If we are having grapefruit for breakfast, it is simply cut in two through the meridian and the flesh is loosened with a small saw-edged knife with a curved tip. Use this knife to separate the segments and eat them with a small spoon. But if we want the segments for a dessert or some other dish, then the grapefruit must be peeled.
Using a sharp stainless steel knife, slice off one end of the fruit, placing the cut end on a wooden board. Starting at the top and following the curve of the fruit downwards, slice away the outer peel and the inner white pith. Finally, scrape off any excess pith. Take the grapefruit in one hand, over a bowl, and slice down the right side of each dividing membrane and push out the segment. When all the segments have been extracted, squeeze the remaining membrane over the bowl, as it sometimes contains a fair amount of juice. This operation is easier if you peel the grapefruit but leave any inner skin intact.

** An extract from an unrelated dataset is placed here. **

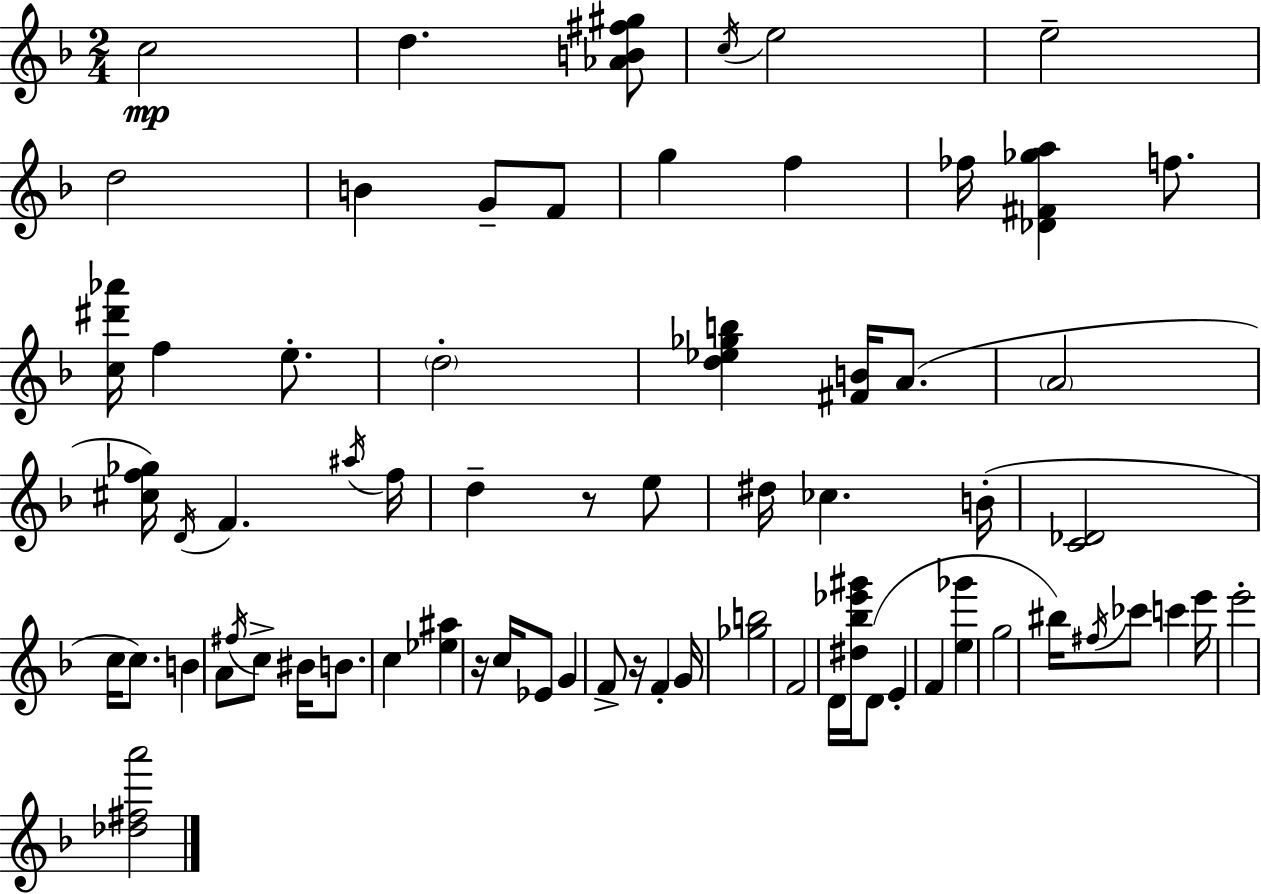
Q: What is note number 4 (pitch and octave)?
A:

Put the peeled grapefruit in the fridge for a couple of days, after which the inner skin dries out and becomes stiff. The flesh becomes firm and is relatively easy to separate from the inner skin. Because the grapefruit came so late to Europe — and later still to Spain — cooks haven’t had enough time to get creative with it, although many add the juice to dishes in which they would normally use orange, lemon or other citric juice.

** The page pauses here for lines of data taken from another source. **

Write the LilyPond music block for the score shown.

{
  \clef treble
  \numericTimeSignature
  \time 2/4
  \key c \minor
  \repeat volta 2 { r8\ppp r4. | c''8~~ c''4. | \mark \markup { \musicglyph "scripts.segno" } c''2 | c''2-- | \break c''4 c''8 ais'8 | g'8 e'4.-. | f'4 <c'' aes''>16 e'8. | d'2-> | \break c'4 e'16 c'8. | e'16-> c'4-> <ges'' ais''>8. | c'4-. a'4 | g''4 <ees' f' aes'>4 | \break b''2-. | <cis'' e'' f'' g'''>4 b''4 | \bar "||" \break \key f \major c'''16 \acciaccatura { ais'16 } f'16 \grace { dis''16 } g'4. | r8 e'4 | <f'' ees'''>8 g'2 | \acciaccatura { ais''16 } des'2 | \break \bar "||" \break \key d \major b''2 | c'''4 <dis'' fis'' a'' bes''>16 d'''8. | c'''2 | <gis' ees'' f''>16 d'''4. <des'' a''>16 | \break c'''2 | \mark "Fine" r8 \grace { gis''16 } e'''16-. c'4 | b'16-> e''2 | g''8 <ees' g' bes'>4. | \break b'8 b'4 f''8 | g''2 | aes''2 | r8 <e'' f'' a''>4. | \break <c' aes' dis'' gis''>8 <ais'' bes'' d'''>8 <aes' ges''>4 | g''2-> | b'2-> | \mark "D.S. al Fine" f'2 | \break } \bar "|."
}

You’ll find some delicious desserts, including this one with honey and rum. Combine the segments of four grapefruit with 6 tbsps rum, 2 tbsps Curaçao and 4 tbsps honey, or more, depending on the acidity of the grapefruit. Chill well before serving.
Another handy dessert is made with honey and cream. Whisk 4 tbsps of honey with 8 tbsps of thick cream until very smooth. Chill well and pour over the segments of four grapefruit just before serving. One whole grapefruit per day gives us as much vitamin C as we need. Grapefruit also contains significant amounts of vegetable fibre, vitamins A and the B range, as well as potassium and magnesium.